Ник все это время сидел за столом напротив ее кресла-качалки. Казалось бы, размышляла Абагейл, человек, который не может говорить, должен чувствовать себя потерянным в помещении, где полно людей, буквально становиться невидимым. Но с Ником ничего подобного не происходило. Он спокойно сидел, поворачивая голову, следя за разговором, его лицо реагировало на слова. Открытое, интеллигентное лицо, но слишком уж измученное заботами, с учетом его юного возраста. Несколько раз она заметила, как в беседе люди поворачивались к Нику, словно за подтверждением своих слов. Они постоянно помнили о его присутствии. И она заметила, как он поглядывал в темноту за окном, и на его лице отражалась тревога.

– Поможете мне достать матрас? – мягко спросила Джун.

– Мы с Ником сейчас все сделаем. – Ральф встал.

– Я не хочу идти в этот сарай один, – замотал головой Том. – Родные мои, нет.

– Я пойду с тобой, парень, – успокоил его Дик. – Мы зажжем лампу Коулмана и расстелим спальники. – Он поднялся. – Еще раз огромное вам спасибо, мэм. Все было так хорошо, что у меня просто нет слов.

Поблагодарили ее и остальные. Ник и Ральф достали матрас, в котором не поселились ни клопы, ни другие насекомые. Том и Дик («Для полного комплекта не хватает только Гарри [130]», – подумала Абагейл) пошли в сарай, где вскоре вспыхнула лампа Коулмана. Прошло еще немного времени, и на кухне остались только Ник, Ральф и матушка Абагейл.

– Не будете возражать, если я закурю, мэм? – спросил Ральф.

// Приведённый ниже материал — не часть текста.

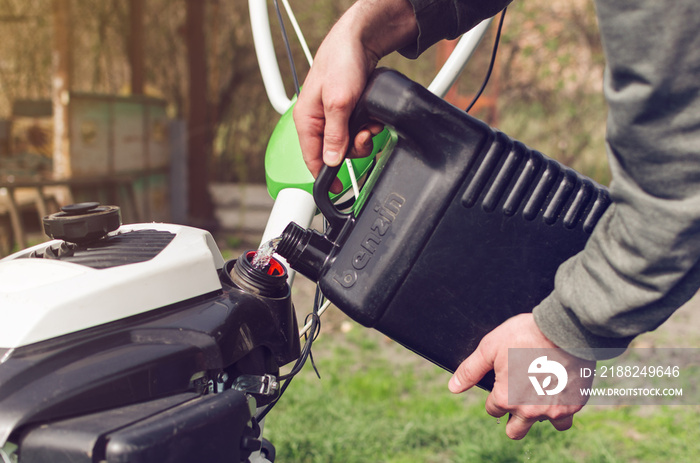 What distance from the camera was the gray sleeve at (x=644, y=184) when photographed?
79 cm

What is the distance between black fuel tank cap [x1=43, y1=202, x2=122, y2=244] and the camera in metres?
1.06

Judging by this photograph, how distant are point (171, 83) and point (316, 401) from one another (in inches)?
189

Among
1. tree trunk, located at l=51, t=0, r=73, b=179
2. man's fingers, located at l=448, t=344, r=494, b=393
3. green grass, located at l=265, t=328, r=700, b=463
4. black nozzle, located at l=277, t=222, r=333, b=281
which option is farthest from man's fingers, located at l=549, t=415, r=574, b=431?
tree trunk, located at l=51, t=0, r=73, b=179

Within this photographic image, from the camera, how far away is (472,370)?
3.44ft

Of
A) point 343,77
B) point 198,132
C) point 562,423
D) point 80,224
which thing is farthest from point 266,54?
point 198,132

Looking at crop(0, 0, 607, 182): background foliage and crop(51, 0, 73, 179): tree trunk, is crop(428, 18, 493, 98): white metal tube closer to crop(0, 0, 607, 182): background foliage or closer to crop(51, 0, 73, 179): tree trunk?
crop(51, 0, 73, 179): tree trunk

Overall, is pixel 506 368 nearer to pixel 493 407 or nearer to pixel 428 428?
pixel 493 407

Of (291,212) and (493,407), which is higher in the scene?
(291,212)

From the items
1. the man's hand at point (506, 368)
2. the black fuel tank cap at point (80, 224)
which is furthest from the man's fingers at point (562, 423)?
the black fuel tank cap at point (80, 224)

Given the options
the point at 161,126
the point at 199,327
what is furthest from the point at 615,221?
the point at 161,126

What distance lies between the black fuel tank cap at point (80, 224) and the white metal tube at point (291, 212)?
11.3 inches

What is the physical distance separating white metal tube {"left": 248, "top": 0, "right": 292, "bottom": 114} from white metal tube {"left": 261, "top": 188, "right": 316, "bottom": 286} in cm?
28

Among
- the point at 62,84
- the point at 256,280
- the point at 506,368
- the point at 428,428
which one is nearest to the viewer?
the point at 506,368

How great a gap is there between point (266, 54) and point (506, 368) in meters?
0.91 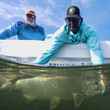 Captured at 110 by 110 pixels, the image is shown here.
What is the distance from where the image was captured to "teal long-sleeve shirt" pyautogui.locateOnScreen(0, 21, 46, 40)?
4020 mm

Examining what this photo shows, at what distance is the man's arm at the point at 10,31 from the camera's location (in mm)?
3983

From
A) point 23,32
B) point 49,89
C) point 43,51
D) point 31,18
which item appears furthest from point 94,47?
point 31,18

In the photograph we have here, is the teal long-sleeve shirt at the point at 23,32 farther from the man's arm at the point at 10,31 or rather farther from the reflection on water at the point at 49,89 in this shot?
the reflection on water at the point at 49,89

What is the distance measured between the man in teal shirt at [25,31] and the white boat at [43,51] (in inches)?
24.8

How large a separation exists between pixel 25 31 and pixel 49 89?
4.01 ft

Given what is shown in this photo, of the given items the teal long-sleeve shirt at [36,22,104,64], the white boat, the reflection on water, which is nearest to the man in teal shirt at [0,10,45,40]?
the white boat

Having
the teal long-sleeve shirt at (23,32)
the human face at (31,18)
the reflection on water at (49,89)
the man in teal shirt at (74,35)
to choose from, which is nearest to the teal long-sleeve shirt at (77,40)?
the man in teal shirt at (74,35)

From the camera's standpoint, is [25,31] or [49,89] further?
[25,31]

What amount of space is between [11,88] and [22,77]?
0.11 meters

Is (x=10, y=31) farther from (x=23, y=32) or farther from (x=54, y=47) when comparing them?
(x=54, y=47)

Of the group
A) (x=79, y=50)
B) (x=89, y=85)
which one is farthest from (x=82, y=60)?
(x=89, y=85)

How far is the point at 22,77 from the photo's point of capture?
3023 mm

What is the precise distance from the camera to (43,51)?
3295mm

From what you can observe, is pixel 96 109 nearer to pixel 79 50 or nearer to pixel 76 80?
pixel 76 80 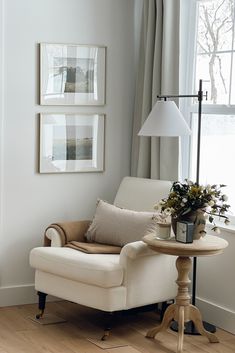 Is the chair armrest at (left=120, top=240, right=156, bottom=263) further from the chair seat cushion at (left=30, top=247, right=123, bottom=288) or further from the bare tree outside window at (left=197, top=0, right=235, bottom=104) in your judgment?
the bare tree outside window at (left=197, top=0, right=235, bottom=104)

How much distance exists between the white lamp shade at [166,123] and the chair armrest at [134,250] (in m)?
0.71

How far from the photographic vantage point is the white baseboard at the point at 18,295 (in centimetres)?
512

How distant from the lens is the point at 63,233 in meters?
4.88

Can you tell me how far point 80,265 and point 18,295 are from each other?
977 mm

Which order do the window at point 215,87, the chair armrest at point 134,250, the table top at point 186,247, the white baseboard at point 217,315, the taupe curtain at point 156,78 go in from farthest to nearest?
the taupe curtain at point 156,78 → the window at point 215,87 → the white baseboard at point 217,315 → the chair armrest at point 134,250 → the table top at point 186,247

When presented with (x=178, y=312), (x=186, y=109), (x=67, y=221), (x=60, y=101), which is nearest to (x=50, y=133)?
(x=60, y=101)

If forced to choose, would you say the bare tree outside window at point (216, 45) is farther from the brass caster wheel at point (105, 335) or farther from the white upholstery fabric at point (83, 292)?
the brass caster wheel at point (105, 335)

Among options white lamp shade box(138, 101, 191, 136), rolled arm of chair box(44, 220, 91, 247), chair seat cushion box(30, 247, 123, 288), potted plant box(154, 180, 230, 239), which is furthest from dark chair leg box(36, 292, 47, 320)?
white lamp shade box(138, 101, 191, 136)

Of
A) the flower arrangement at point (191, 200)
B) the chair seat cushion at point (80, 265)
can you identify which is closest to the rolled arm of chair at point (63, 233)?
the chair seat cushion at point (80, 265)

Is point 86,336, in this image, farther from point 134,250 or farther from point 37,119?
point 37,119

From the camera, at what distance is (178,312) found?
14.1ft

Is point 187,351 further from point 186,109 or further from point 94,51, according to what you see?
point 94,51

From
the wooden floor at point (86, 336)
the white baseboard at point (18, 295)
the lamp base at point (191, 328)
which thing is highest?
the white baseboard at point (18, 295)

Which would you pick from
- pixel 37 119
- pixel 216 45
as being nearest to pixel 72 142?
pixel 37 119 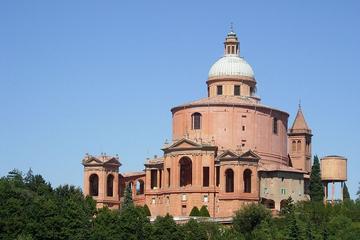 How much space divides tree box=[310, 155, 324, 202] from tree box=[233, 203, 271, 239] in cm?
1612

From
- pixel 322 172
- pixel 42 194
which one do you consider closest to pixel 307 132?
pixel 322 172

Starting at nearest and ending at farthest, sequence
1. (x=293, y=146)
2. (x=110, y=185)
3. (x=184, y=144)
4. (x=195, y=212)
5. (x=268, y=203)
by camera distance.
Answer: (x=195, y=212)
(x=184, y=144)
(x=268, y=203)
(x=110, y=185)
(x=293, y=146)

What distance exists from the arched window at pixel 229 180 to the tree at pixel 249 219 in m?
9.47

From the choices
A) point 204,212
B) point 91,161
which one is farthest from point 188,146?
point 91,161

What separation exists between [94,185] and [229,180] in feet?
51.2

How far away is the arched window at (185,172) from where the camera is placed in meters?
123

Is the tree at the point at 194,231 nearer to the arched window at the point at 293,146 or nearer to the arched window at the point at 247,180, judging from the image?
the arched window at the point at 247,180

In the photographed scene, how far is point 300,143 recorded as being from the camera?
13388 centimetres

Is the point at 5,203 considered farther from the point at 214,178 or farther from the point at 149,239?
the point at 214,178

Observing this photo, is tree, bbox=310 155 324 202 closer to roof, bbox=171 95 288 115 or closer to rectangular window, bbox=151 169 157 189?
roof, bbox=171 95 288 115

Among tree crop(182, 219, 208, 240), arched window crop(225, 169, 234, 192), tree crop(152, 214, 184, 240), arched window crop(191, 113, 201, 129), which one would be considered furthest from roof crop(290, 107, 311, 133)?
tree crop(152, 214, 184, 240)

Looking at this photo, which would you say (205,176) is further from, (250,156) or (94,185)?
(94,185)

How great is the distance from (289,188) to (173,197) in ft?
38.5

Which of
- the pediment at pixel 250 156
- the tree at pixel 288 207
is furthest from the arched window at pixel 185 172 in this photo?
the tree at pixel 288 207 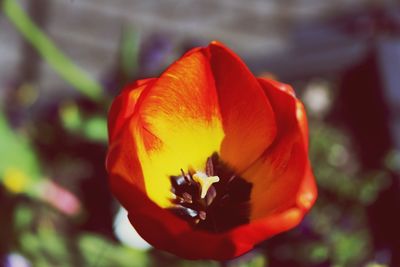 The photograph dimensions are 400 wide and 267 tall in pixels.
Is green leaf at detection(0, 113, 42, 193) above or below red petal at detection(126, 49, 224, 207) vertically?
A: below

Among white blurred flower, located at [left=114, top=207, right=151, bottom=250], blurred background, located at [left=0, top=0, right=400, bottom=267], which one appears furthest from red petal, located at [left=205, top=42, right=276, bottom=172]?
white blurred flower, located at [left=114, top=207, right=151, bottom=250]

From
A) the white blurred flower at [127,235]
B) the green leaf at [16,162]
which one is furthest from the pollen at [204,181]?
the green leaf at [16,162]

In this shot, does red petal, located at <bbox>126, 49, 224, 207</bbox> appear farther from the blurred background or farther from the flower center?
the blurred background

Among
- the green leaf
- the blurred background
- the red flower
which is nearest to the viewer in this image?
the red flower

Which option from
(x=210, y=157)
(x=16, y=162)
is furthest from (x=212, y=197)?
(x=16, y=162)

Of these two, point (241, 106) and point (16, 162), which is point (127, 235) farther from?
point (241, 106)

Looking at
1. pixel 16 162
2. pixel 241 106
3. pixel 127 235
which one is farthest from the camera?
pixel 16 162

– Нет, при условии, что ты не будешь стряхивать пепел на пол. Пепельница на буфете у тебя за спиной.

Ральф поднялся, чтобы взять пепельницу, а Эбби по-прежнему смотрела на Ника, одетого в рубашку цвета хаки, синие джинсы и кожаную жилетку. Что-то в нем заставляло ее думать, что она знала его прежде, а если нет, то не могла с ним не встретиться. Глядя на него, она ощущала некую завершенность, словно исполнилось предначертание судьбы. Словно в начале ее жизни стоял отец, Джон Фримантл, высокий, чернокожий и гордый, а на другом конце – этот человек, молодой, белый и немой, с ярким, все подмечающим глазом на отягощенном заботами лице.

Она посмотрела в окно и увидела яркое пятно лампы, освещающее окно сарая и маленькую часть двора. Задумалась, пахнет ли в сарае коровой. Она не подходила к нему уже три года. Не возникало такой необходимости. Последнюю корову, Маргаритку, продали в тысяча девятьсот семьдесят пятом, но в тысяча девятьсот восемьдесят седьмом в сарае еще пахло коровой. Возможно, пахло и сейчас. Значения это не имело – встречались запахи и похуже.

– Мэм…

Она отвернулась от окна. Ральф сидел рядом с Ником, держа в руке вырванный из блокнота листок и всматриваясь в него. На коленях Ника лежал сам блокнот и шариковая ручка. Он не отрывал глаз от хозяйки дома.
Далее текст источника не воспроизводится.